Itemized deductions are listed on Schedule A of Form 1040. Needless to say, this takes longer time to do than simply taking the standard deduction since taxpayers will have to input each expense item on the form. The shorter and simpler 1040A and 1040EZ Forms cannot be used if you itemize deductions. In addition, taxpayers who itemize must save all receipts for any expenses made throughout the tax year in the event that the IRS asks for documentation. Additional proof of expenses includes bank statements, insurance bills, medical bills and tax receipts from qualified charitable organizations.

In some categories, an itemized deduction is limited to a specific percentage of AGI. Tax laws set spending thresholds that must be exceeded before the deductions can be made. For example, in the medical category, only expenses that exceed 7.5% of your adjusted gross income may be deducted. The new tax bill set this lower figure – last year it was 10% –  for both the 2017 and 2018 tax years. In 2019, the threshold returns to the previous level of 10%.

Limits on Itemized Deductions for Wealthy Taxpayers

Based on rules known as the Pease limitations, the total amount in itemized deductions that can be claimed is reduced or phased out if the taxpayer’s AGI exceeds the limit set for their filing status. The limits for the 2017 tax year are shown in the table below:

Filing Status Adjusted Gross Income Limit
Single $261,500
Head of Household $287,650
Married Filing Jointly & Surviving Spouses $313,800
Married Filing Separately $156,900

Some deductions are exempt from the limit rule.
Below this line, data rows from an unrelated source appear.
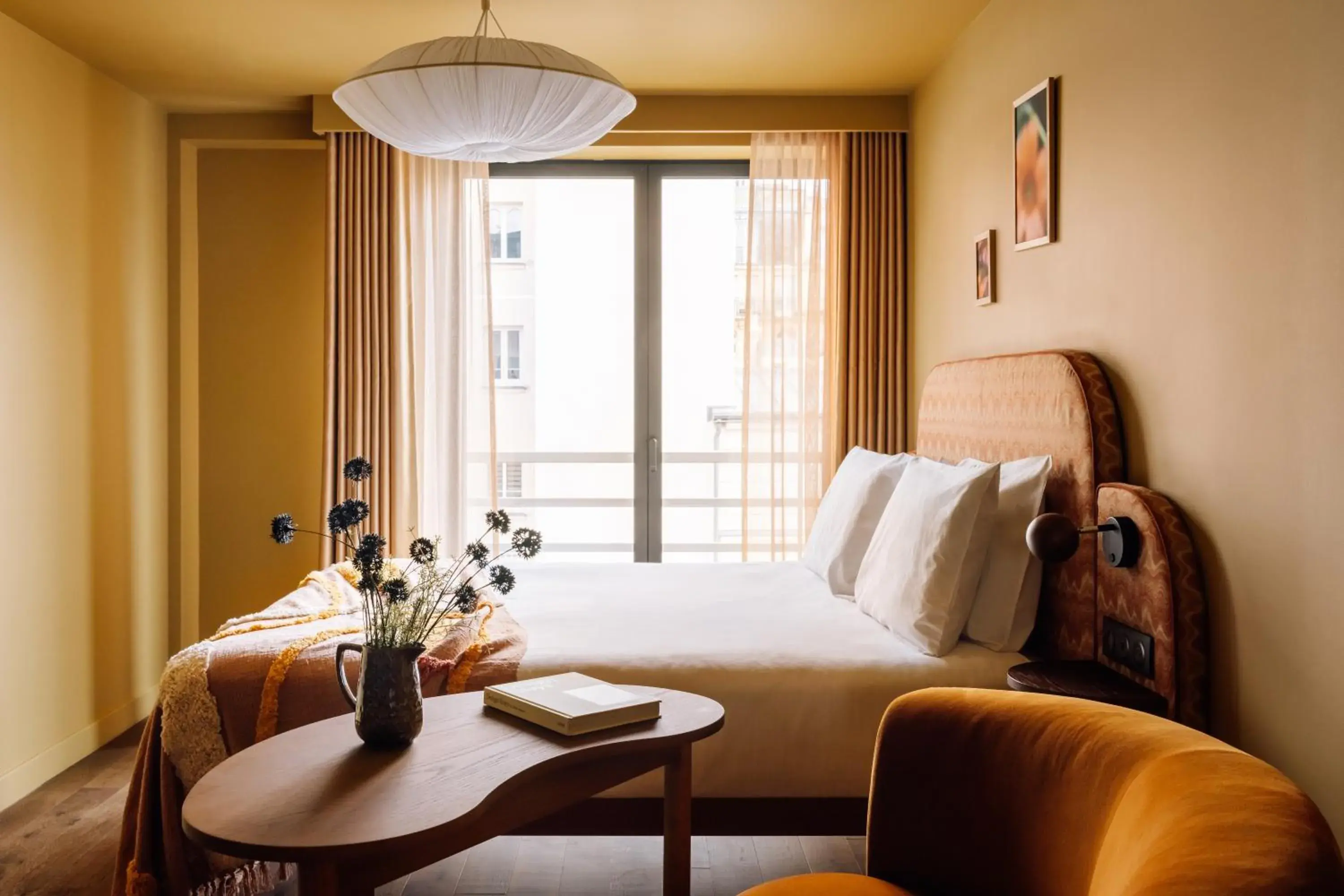 City Studio in Le Jardin de Verre by Locke City Studio in Le Jardin de Verre by Locke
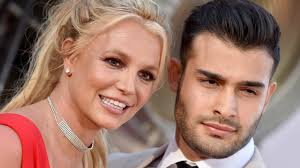 Britney Spears kết hôn với Sam Asghari sau khi chồng cũ 'đột nhập' vào lễ  cưới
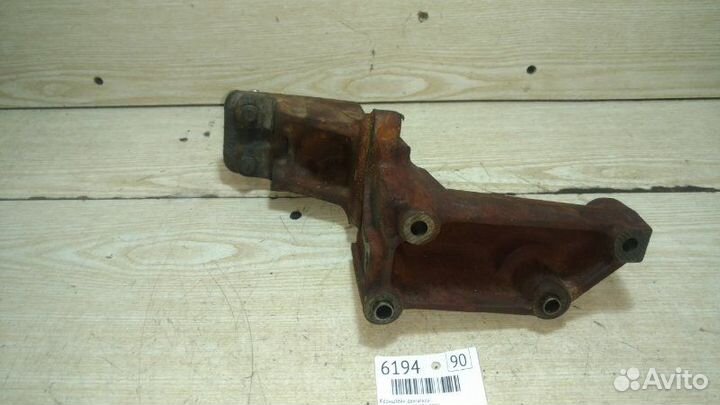 Кронштейн двигателя Ford Mondeo GE SEA 2005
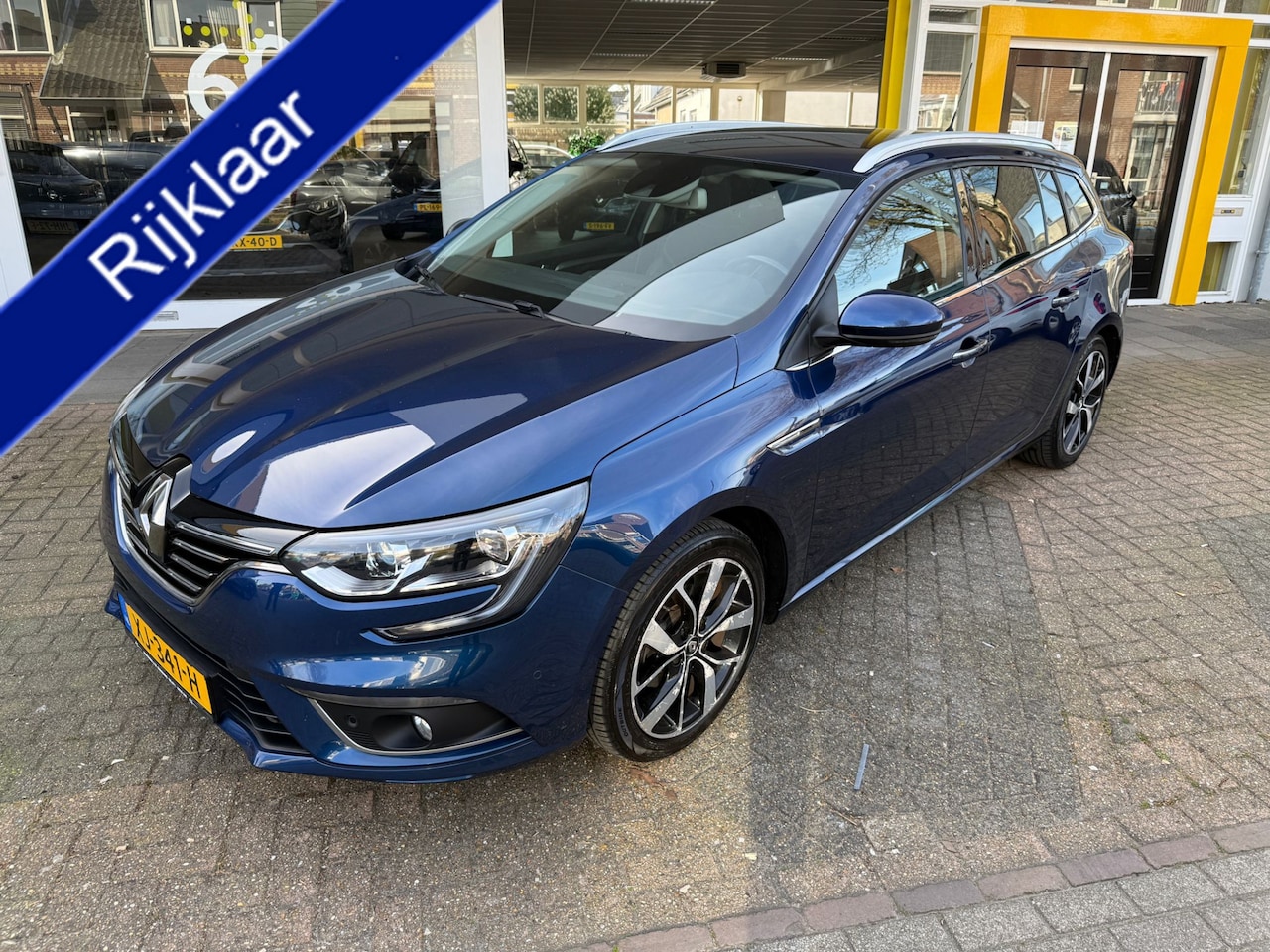 Renault Mégane Estate - 1.3 TCe Bose CAMERA TREKHAAK NAVIGATIE PARKEERHULP ECC LICHTM.VELGEN PARKEERSENSOREN - AutoWereld.nl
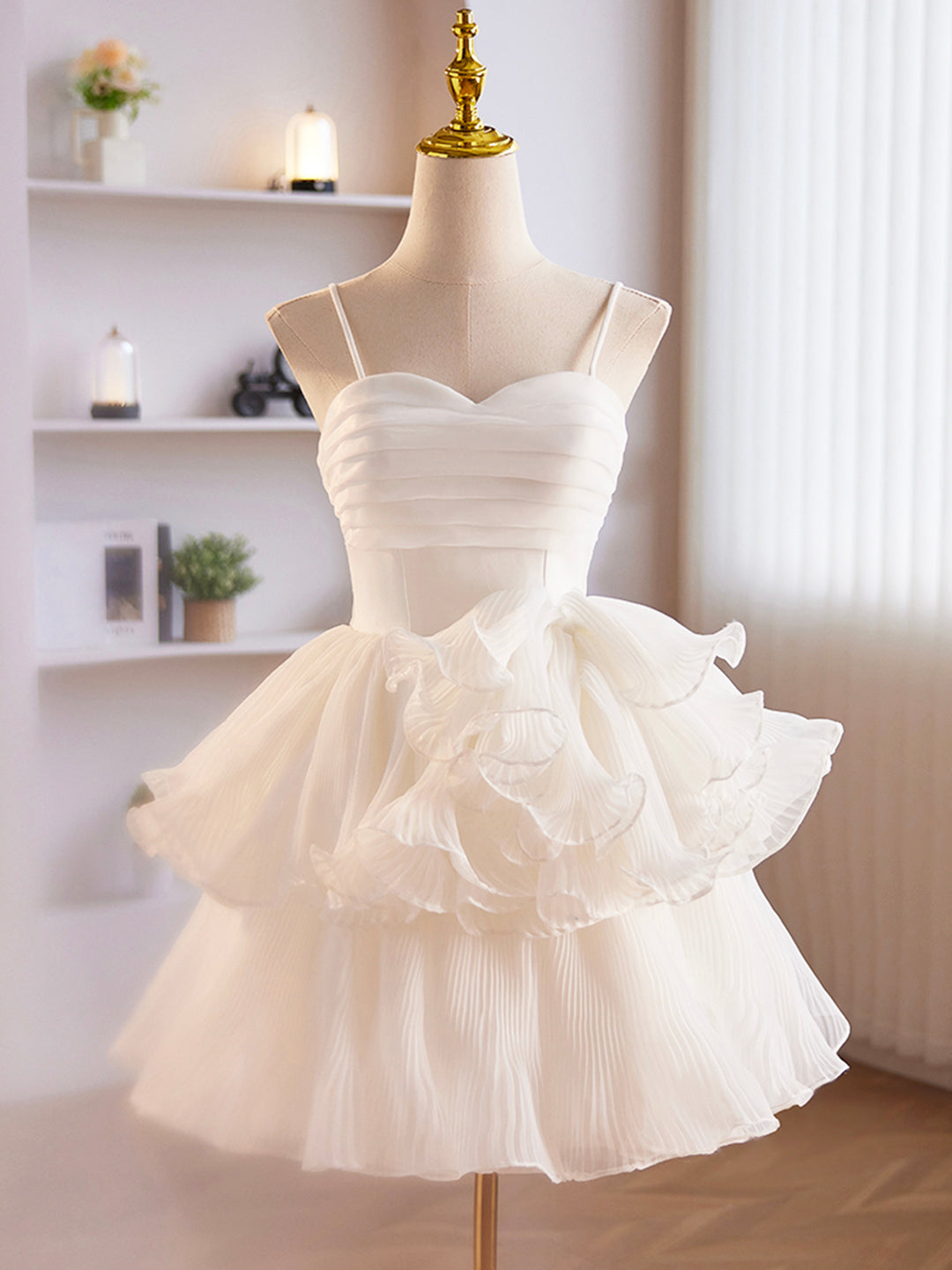 solvbao White Tulle Sweetheart Short Prom Dress, White Tulle Straps Party Dress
These include medical expenses, gambling losses, investment expenses, and certain casualty and theft losses.

The reduction rate that will be applied if the taxpayer’s AGI is above these limits is 3% of the amount by which the AGI exceeds the threshold or 80% of total non-exempt itemized deductions, whichever is less. The itemized deduction limit increases with each dollar earned above the AGI limit up to a maximum of 80% of total deductions. Individuals subject to the Pease limitations will need to complete the Itemized Deductions Worksheet to determine the amount to enter on line 29 of Schedule A. 

Starting in 2018, these limitations will be eliminated through the 2025 tax year.